If head were left out, or defined just to match the rows of integers, both datasets would be retrieved:
>>> pent.Parser(head="#++i", body="#!++d").capture_body(text)
[[['1.5', '2.1', '1.1']], [['0.1', '0.4', '0.2']]]
Situations calling for passing an iterable into body are less common, but can occur if there is a strictly repeating, cyclic pattern to the text to be parsed:
>>> text_good = """DATA
... foo
... bar
... foo
... bar
... foo
... bar"""
>>> prs = pent.Parser(
... head="@.DATA",
... body=("@!.foo", "@!.bar")
... )
>>> prs.capture_body(text_good)
[[['foo', 'bar'], ['foo', 'bar'], ['foo', 'bar']]]
Note in the .capture_body() output that even though
each foo and bar appear on separate
lines in the text, because the capture of each pair is defined
as the body of a single Parser
, they end up being treated as though
they had been on the same line.
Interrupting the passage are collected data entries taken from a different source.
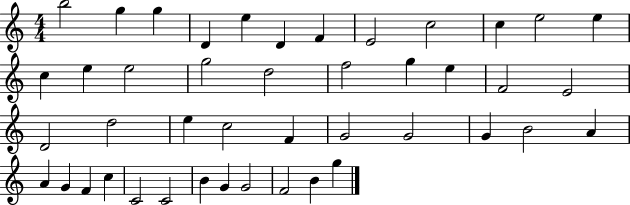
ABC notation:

X:1
T:Untitled
M:4/4
L:1/4
K:C
b2 g g D e D F E2 c2 c e2 e c e e2 g2 d2 f2 g e F2 E2 D2 d2 e c2 F G2 G2 G B2 A A G F c C2 C2 B G G2 F2 B g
Another example of this behavior
can be found in this tutorial example.
If the lines of body text are not strictly cyclic-repeating, this approach won’t work:
>>> text_bad = """DATA
... foo
... bar
...
... foo
... bar"""
>>> prs.capture_body(text_bad)
[[['foo', 'bar']]]
There are other approaches that can handle such situations, such as the optional-line pattern flag:
>>> pent.Parser(
... head="? @.DATA",
... body=("@!.foo", "@!.bar")
... ).capture_body(text_bad)
[[['foo', 'bar']], [['foo', 'bar']]]
Matching with a Nested Parser
¶
For data with more complex internal structure, often the best
way to match it is to pass a Parser
to one or more of
head, body, or tail.
In situations where the header or footer content has a variable
number of lines that all match the same pattern, passing
a Parser
is often the most concise approach, as it
exploits the implicit matching of one-or-more lines by
the body of that internal Parser
:
>>> text_head = """foo
... 1 2 3
... bar
... bar
...
... foo
... 1 2 3
... 4 5 6 7 8
... 9 10
... bar
... bar
... bar"""
>>> prs_head = pent.Parser(
... head=pent.Parser(
... head="@.foo",
... body="#++i",
... ),
... body="@!.bar",
... )
>>> prs_head.capture_body(text_head)
[[['bar'], ['bar']], [['bar'], ['bar'], ['bar']]]
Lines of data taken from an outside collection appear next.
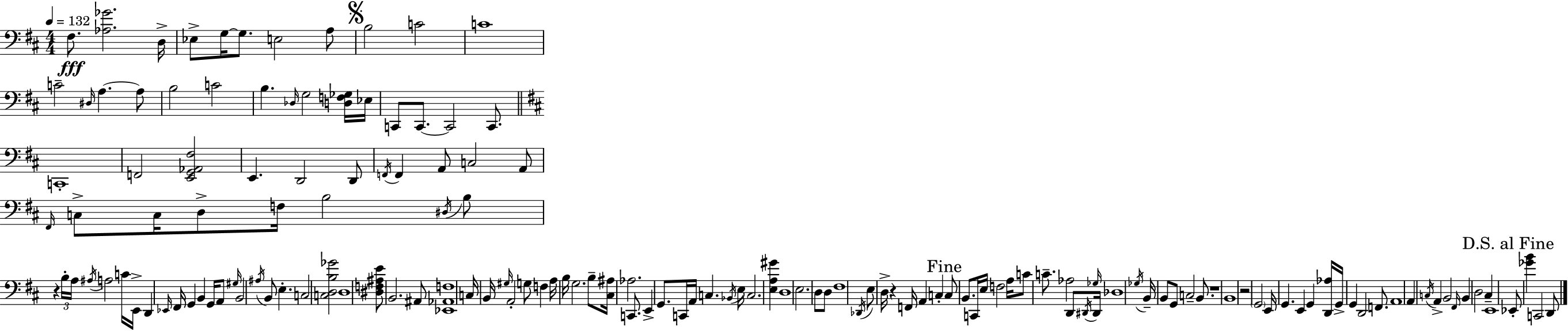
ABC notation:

X:1
T:Untitled
M:4/4
L:1/4
K:D
^F,/2 [_A,_G]2 D,/4 _E,/2 G,/4 G,/2 E,2 A,/2 B,2 C2 C4 C2 ^D,/4 A, A,/2 B,2 C2 B, _D,/4 G,2 [D,F,_G,]/4 _E,/4 C,,/2 C,,/2 C,,2 C,,/2 C,,4 F,,2 [E,,G,,_A,,^F,]2 E,, D,,2 D,,/2 F,,/4 F,, A,,/2 C,2 A,,/2 ^F,,/4 C,/2 C,/4 D,/2 F,/4 B,2 ^D,/4 B,/2 z B,/4 A,/4 ^A,/4 A,2 C/4 E,,/4 D,, _E,,/4 ^F,,/4 G,, B,, G,,/4 A,,/2 ^G,/4 B,,2 ^A,/4 B,,/2 E, C,2 [C,D,B,_G]2 D,4 [^D,F,^A,E]/2 B,,2 ^A,,/2 [_E,,_A,,F,]4 C,/4 B,,/4 ^G,/4 A,,2 G,/2 F, A,/4 B,/4 G,2 B,/2 [^C,^A,]/4 _A,2 C,,/2 E,, G,,/2 C,,/4 A,,/4 C, _B,,/4 E,/4 C,2 [E,A,^G] D,4 E,2 D,/2 D,/2 ^F,4 _D,,/4 E,/2 D,/4 z F,,/4 A,, C, C,/2 B,,/2 C,,/4 E,/4 F,2 A,/4 C/2 C/2 _A,2 D,,/2 ^D,,/4 ^D,,/4 _G,/4 _D,4 _G,/4 B,,/4 B,,/2 G,,/2 C,2 B,,/2 z4 B,,4 z2 G,,2 E,,/4 G,, E,, G,, [D,,_A,]/4 G,,/4 G,, D,,2 F,,/2 A,,4 A,, C,/4 A,, B,,2 ^F,,/4 B,, D,2 ^C, E,,4 _E,,/2 [_GB] C,,2 D,,/2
Another common use of an internal Parser
is when
the main data content itself has a header/body/footer structure,
but it is also necessary to specify an overall header for the
data in order to avoid capturing multiple times within the
broader text:
>>> text_body = """WANTED
... foo
... bar
... bar
...
... UNWANTED
... foo
... bar
... bar
... bar
... bar"""
>>> prs_body = pent.Parser(
... head="@.WANTED",
... body=pent.Parser(
... head="@.foo",
... body="@!.bar",
... ),
... )
>>> prs_body.capture_body(text_body)
[[[['bar'], ['bar']]]]
A clearer description of this approach is provided in this tutorial example.
Examples¶
This section of the tutorial contains examples of applications
of pent
to parsing of “real” (or, at least “real-like”) datasets.
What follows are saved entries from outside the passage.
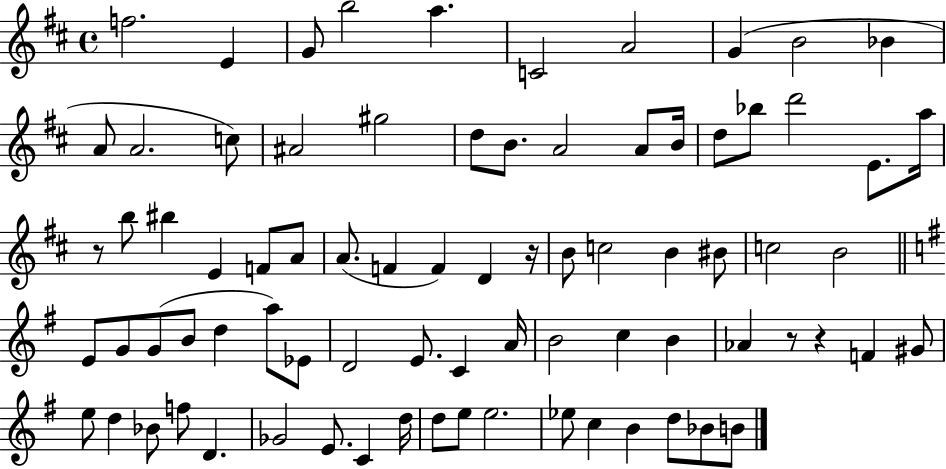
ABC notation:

X:1
T:Untitled
M:4/4
L:1/4
K:D
f2 E G/2 b2 a C2 A2 G B2 _B A/2 A2 c/2 ^A2 ^g2 d/2 B/2 A2 A/2 B/4 d/2 _b/2 d'2 E/2 a/4 z/2 b/2 ^b E F/2 A/2 A/2 F F D z/4 B/2 c2 B ^B/2 c2 B2 E/2 G/2 G/2 B/2 d a/2 _E/2 D2 E/2 C A/4 B2 c B _A z/2 z F ^G/2 e/2 d _B/2 f/2 D _G2 E/2 C d/4 d/2 e/2 e2 _e/2 c B d/2 _B/2 B/2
Capturing with a Single Parser
¶
This first example is a modified version of the dataset used in the first half of the project README, drawn from a .hess file generated by ORCA:
>>> text = dedent("""\
... $vibrational_frequencies
... 6
... 0 0.000000
... 1 0.000000
... 2 -194.490162
... 3 -198.587114
... 4 389.931897
... 5 402.713910
... """)
A Minimal Parser
Body¶
Focusing first on the main section of the data, the goal here is to retrieve the floats in the right-hand column; the rest of the content is irrelevant. However, the integers in the left-hand column still have to be represented in the pattern, even if they’re not captured.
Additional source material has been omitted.